The certified pre-owned vehicle market in the first three months of the year reached a combined tally of 646,390 sales, which Edmunds.com says is a first-quarter record.  The Q1 sum is also a 5.2-percent year-over-year increase, Edmunds reported in its Q1 Used Vehicle Market Report released Thursday.

But the fact that CPO penetration of franchised dealer used-car sales remained essentially static from a year ago at 21.7 percent surprised the team at Edmunds.

Typically, current-year CPO parallels leasing from three years prior, explained Edmunds director of industry analysis Jessica Caldwell.

And with off-lease volume being the story of the year in the used-car market, it’s a bit puzzling as to why CPO hasn’t yet taken a greater share of the franchised used market.

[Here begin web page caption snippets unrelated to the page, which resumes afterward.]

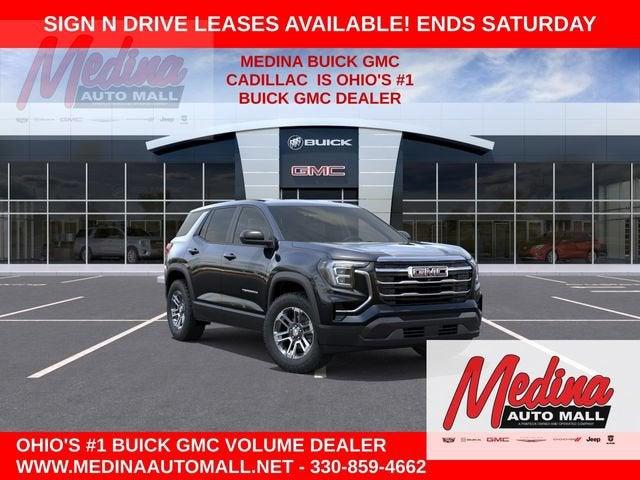 New 2026 GMC Terrain Elevation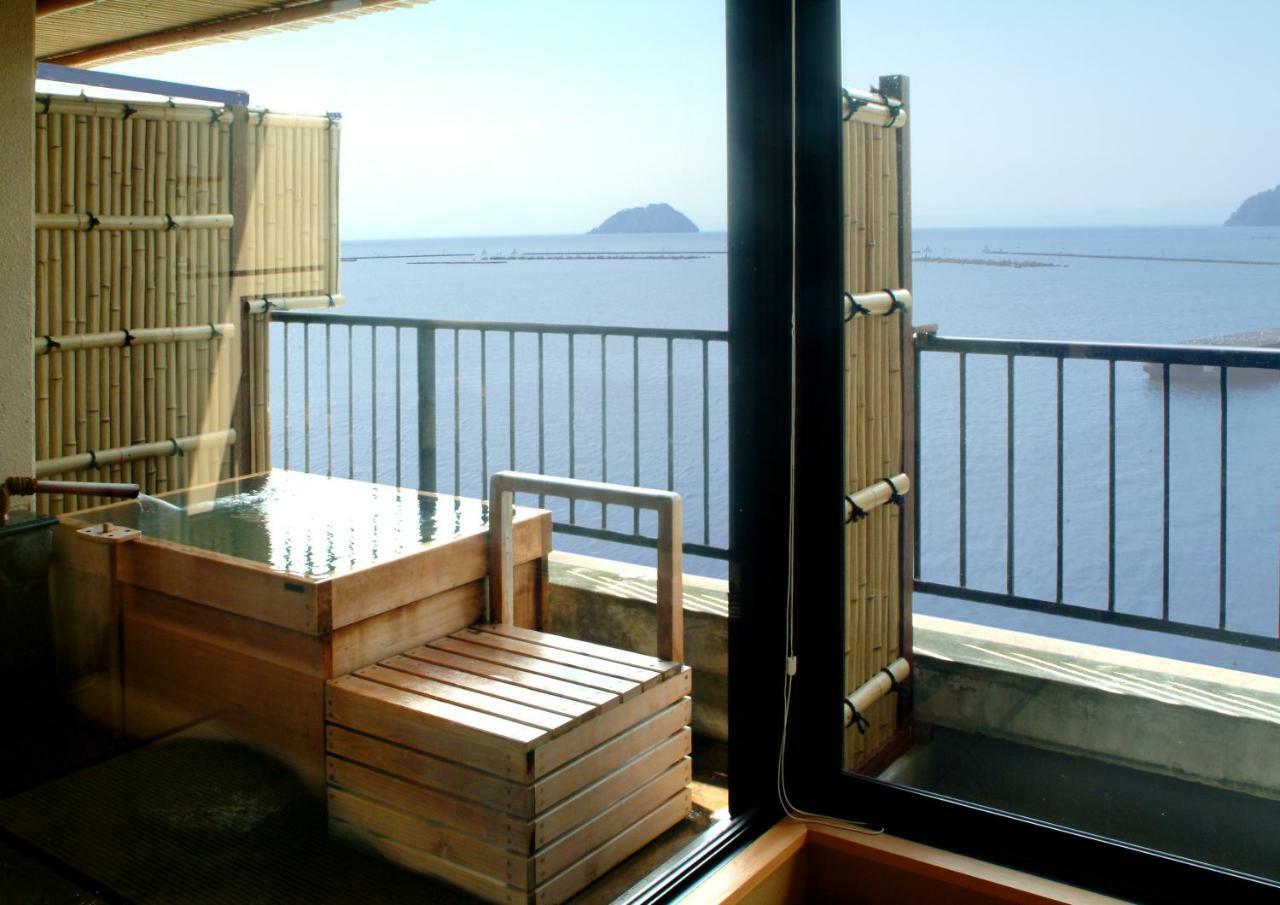Ryokan Beniayu Nagahama  Exterior foto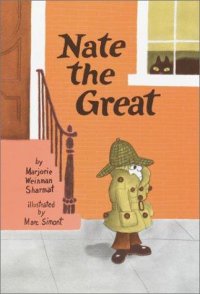 Cover image for Nate the Great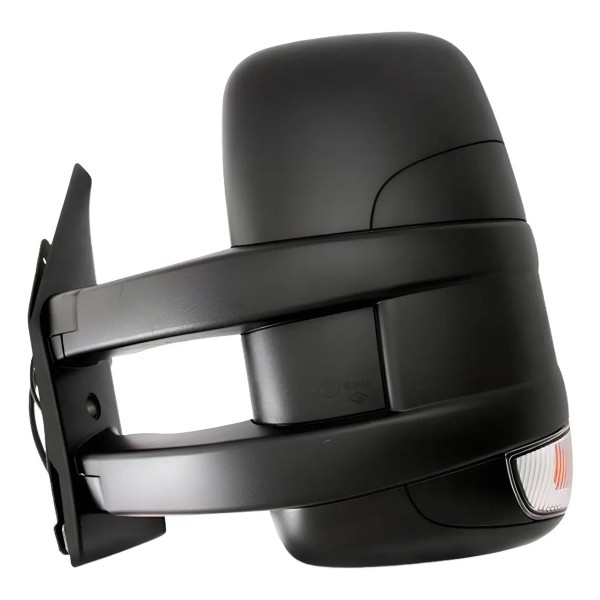Retrovisor Para Iveco Daily 2008 A 2022 Fixo Longo Com Pisca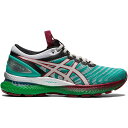 ASICS アシックス レディース スニーカー  サイズ US_W_6W Developed by Kiko Teal Red (Women's)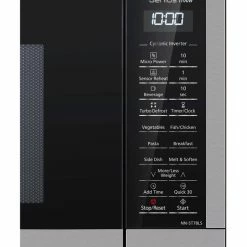 Best reviews of ๐ Cheapest ๐ Panasonic 44L Cyclonic Inverter Microwave Oven Stainless Steel NN-SD78LSQPQ โญ โ๏ธ 7 Best reviews of ๐ Cheapest ๐ Panasonic 44L Cyclonic Inverter Microwave Oven Stainless Steel NN-SD78LSQPQ โญ โ๏ธ -Appliances Sales 797286790 4 720x928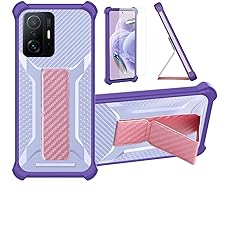 Aroepurt Case for Xiaomi 11t Pro Phone Case Stand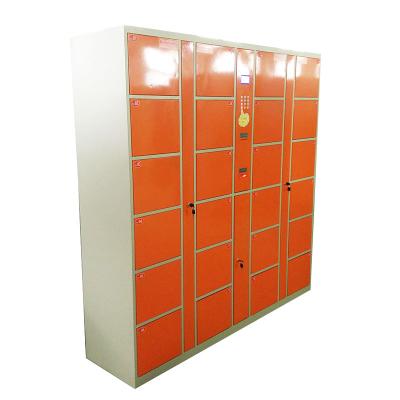 Cina Cheap Supermarket Furniture Lockers Metal Steel Cabinet School Lockers Stainless Steel Locker in vendita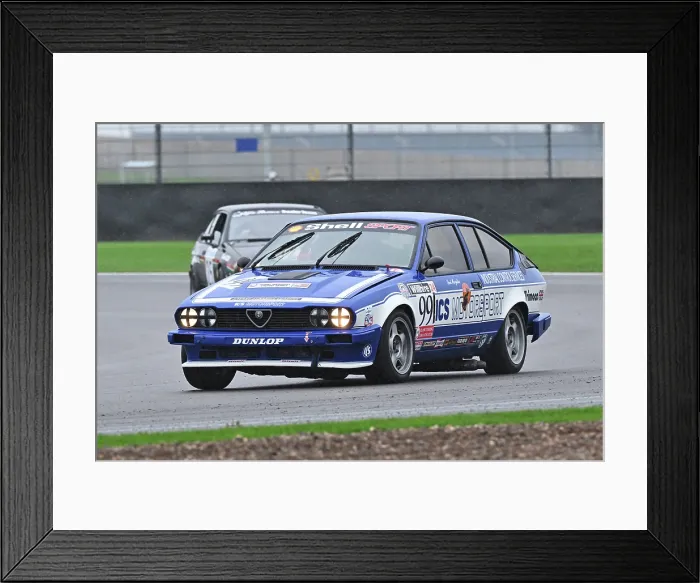 Framed Print : CZ5_3466 David Margalies, Alfa Romeo GTV6.jpg Framed Print : CZ5_3466 David Margalies, Alfa Romeo GTV6.jpg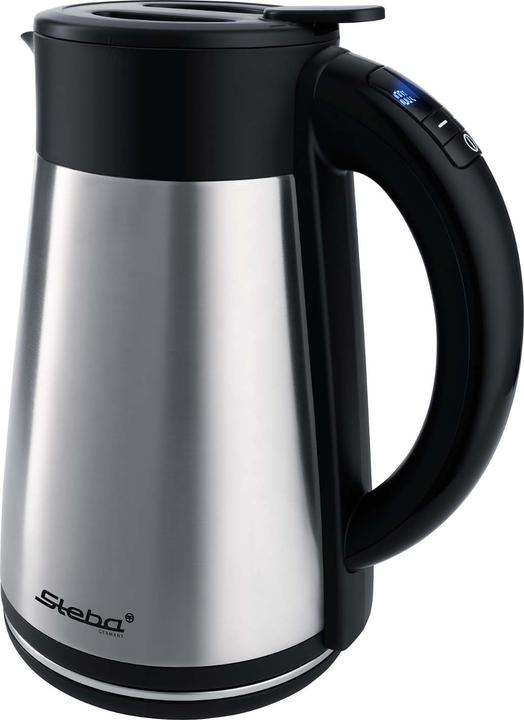 Steba Wasserkocher 1,5L WK 31 THERMO eds/sw (1.50 l)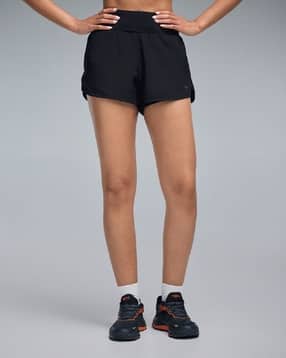 ten x you Women Relaxed Fit Running Shorts-picture-25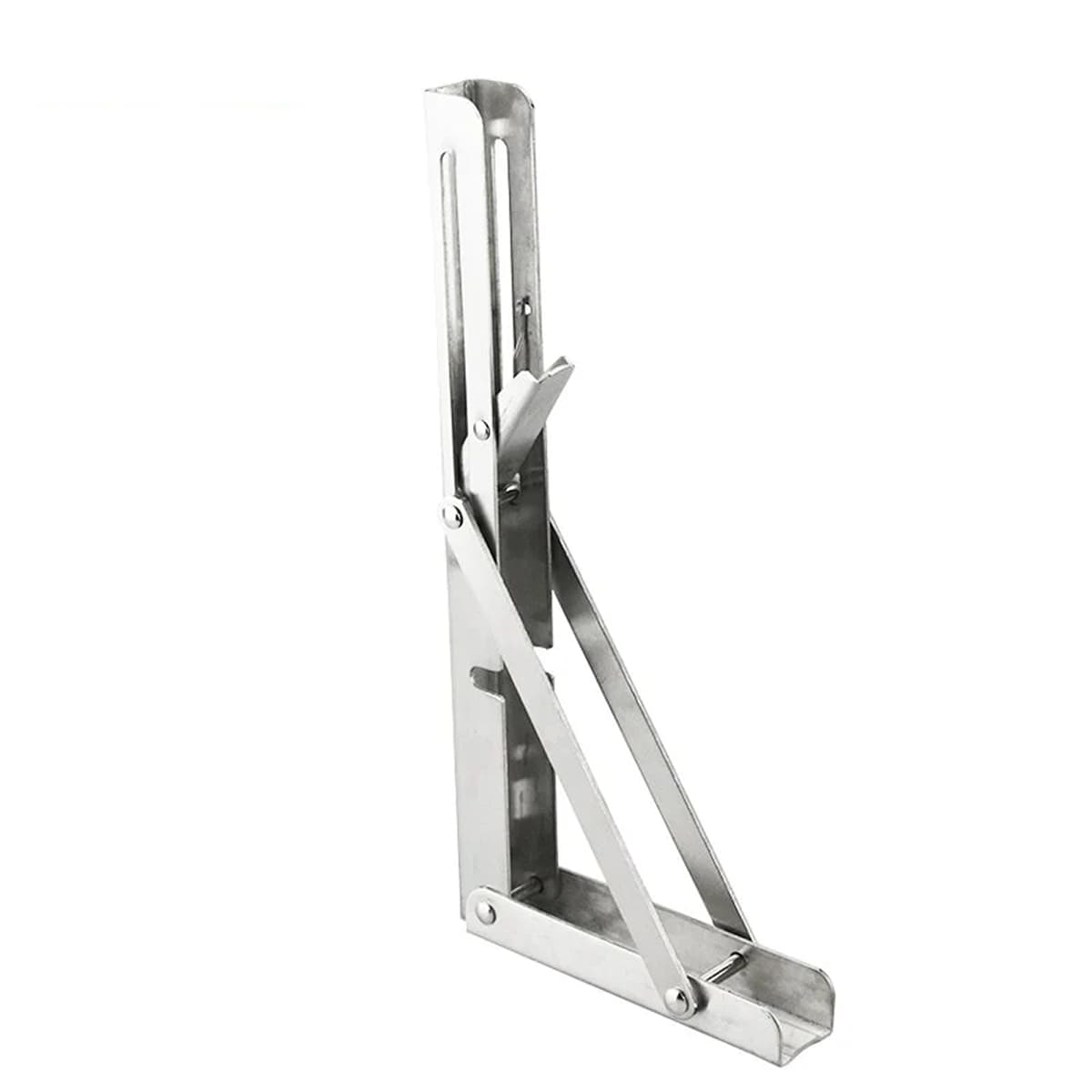 Estante triangular plegable Haisdick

In due course, though, certified should pick up a bigger piece of that pie, she said.

“The inventory is there,” Caldwell said in a phone interview Wednesday afternoon. “There’s nowhere really for it to go at this point but up. So, I think that’s why it was a bit surprising.”

Edmunds is anticipating the CPO share of franchised used sales to increase as the year goes on. It may be an odd timing situation, Caldwell said, where more lease returns are hitting the market later, therefore bumping the full-year CPO penetration rate higher than what was seen in Q1.

So, is 25 percent CPO penetration too lofty of a target?

Caldwell doesn’t think so, considering the leasing rates in recent years. 

In 2012, lease penetration for new-car retail was about 22 percent, she said, and then it climbed to about 26 percent in 2013. It’s only gone up from there, getting close to 29 percent in 2015, Caldwell said.

“When you look at CPO, there is that room to grow, especially when you’re looking at 29 percent of a much higher total volume new market,” she said.

It might just take some time. 

But look for that CPO share to rise.